Yo era un niño enfermizo y era habitual ver por casa aquellos garabatos indescifrables. Para mis ojos infantiles, condicionados por las sinuosas curvas de la caligrafía decimonónica, aquellas manchas y borrones estaban más cerca del dibujo que de la escritura. En el fulgor de la fiebre ¡Cuantos monstruos y criaturas fantásticas no llegué a ver engastados entre los laberintos de tinta que guardaban el secreto de mi propia salud!
Pensándolo bien y evocando las fantásticas rúbricas de mi madre al pie de las cartas que escribía en su nombre, quizás aquellos garabatos no eran algo exclusivo de los doctores y las gentes de alta alcurnia. El resto de los mortales, más o menos letrados, más o menos diestros con el plumín, con la estilográfica o con el bolígrafo, también tenemos nuestro reino particular, nuestra ciencia y nuestro saber sobre una materia a la que solo nosotros, cada uno por su parte, puede acceder: nosotros mismos. Un saber que hoy reconozco en aquel gesto de mi madre firmando una carta. En nuestra firma, ese garabato ilegible para los demás, como los boticarios con las conjuras del doctor, somos capaces de reconocer nuestro propio nombre atrapado en una maraña, en un bordado hilvanado con trazos fantásticos. Ahí, en este reino peculiar y particular, incluso los menos diestros, los más torpes o los iletrados tienen una ventaja. A fin de cuentas, una firma solo es un garabato, un gesto aprendido. Una huella que, para bien o para mal, nos autoriza ante la autoridad cuando reclaman nuestra identidad.

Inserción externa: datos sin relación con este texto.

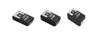 Polymer Capacitors - 1793578 - RS Components, Ltd.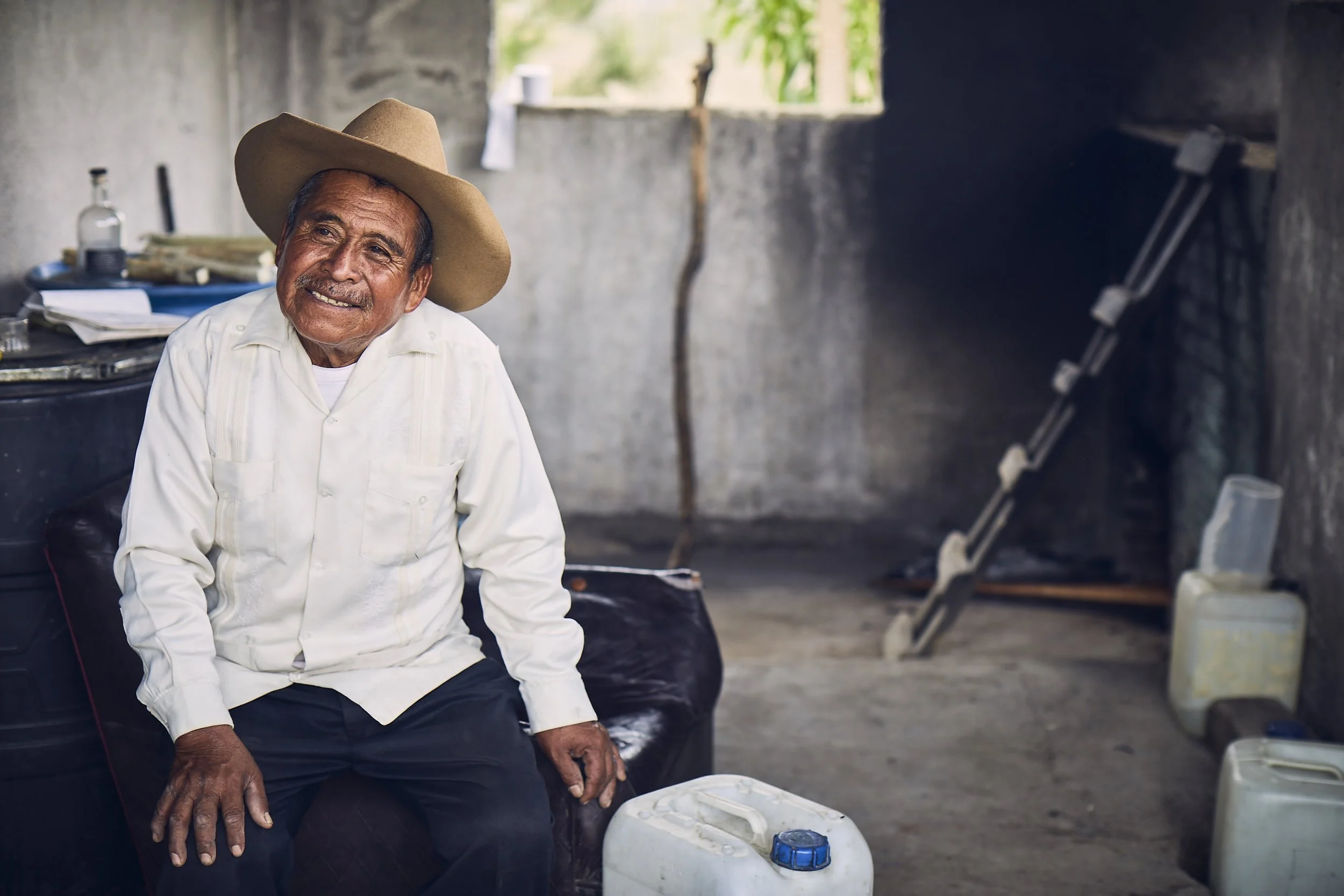 Oaxaca_11.jpg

Y así fue como aprendí a escribir, ante la mirada impaciente de mi madre, sin entender muy bien lo que hacía, dibujando lazos y puentecitos con una plumilla que había que ir cargando en el tintero para después pasearla por el papel sin salirme de los renglones. Pero si mi padre encendió la mecha, mi madre avivó el fuego. Al cabo y de alguna manera, la escritura no dejaba de ser para mi la repetición de un código cerrado, con sus variables y sus combinaciones. En cambio, aquel garabato que era la firma de mi madre cerrando lo que yo había escrito, me abrió el camino hacia el dibujo. Dominada ya la caligrafía, empecé por deformar mi nombre sobre el papel buscando mi propia rúbrica. Continué jugando con las manchas de tinta que se escapaban del tintero o de la plumilla y que manchaban la inmaculada blancura de la hoja de papel, cuando no, el mantel de la mesa o mi propia ropa para disgusto de aquella mujer que me inspiraba. Así, intentando emular a mi madre, sus manos volando en el aire cuando cosía o bailando sobre el papel cuando firmaba, buscando mi propia identidad en un simple garabato, llegué a descubrir un nuevo mundo. Un mundo que no se agotaba nunca, un mundo lleno de monstruos y de criaturas fantásticas y en el que me podía expandir sin límites más allá de los renglones del cuaderno de caligrafía para descubrir cada día cosas nuevas e inesperadas. Mi mundo, mi vocación: el dibujo.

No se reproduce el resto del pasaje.